▶ [Supplied material]:
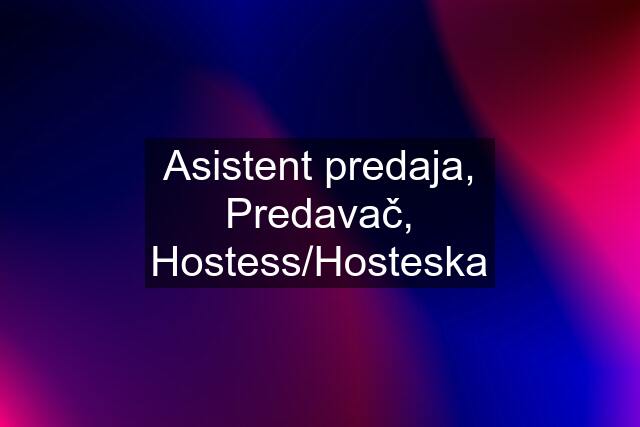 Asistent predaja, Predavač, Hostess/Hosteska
* * *
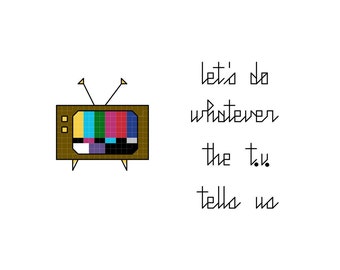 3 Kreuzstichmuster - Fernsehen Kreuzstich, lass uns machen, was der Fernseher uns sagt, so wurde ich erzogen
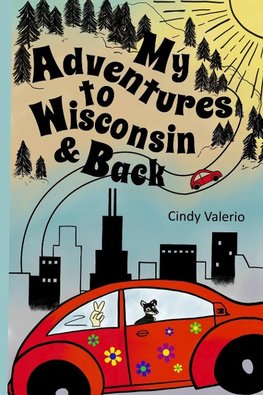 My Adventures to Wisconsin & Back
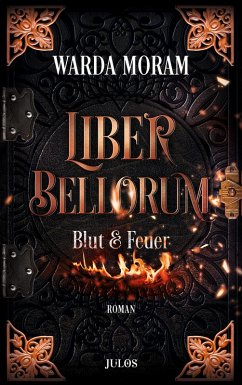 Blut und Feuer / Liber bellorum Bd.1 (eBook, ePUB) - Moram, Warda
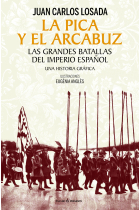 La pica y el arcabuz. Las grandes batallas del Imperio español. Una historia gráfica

▶ [Task prompt]: Of the lines above, quote exactly those from the one with "Blut und Feuer" through the one with "La pica y el", ends included; pictures stay out.

▶ [Finished task]:
 Blut und Feuer / Liber bellorum Bd.1 (eBook, ePUB) - Moram, Warda
 La pica y el arcabuz. Las grandes batallas del Imperio español. Una historia gráfica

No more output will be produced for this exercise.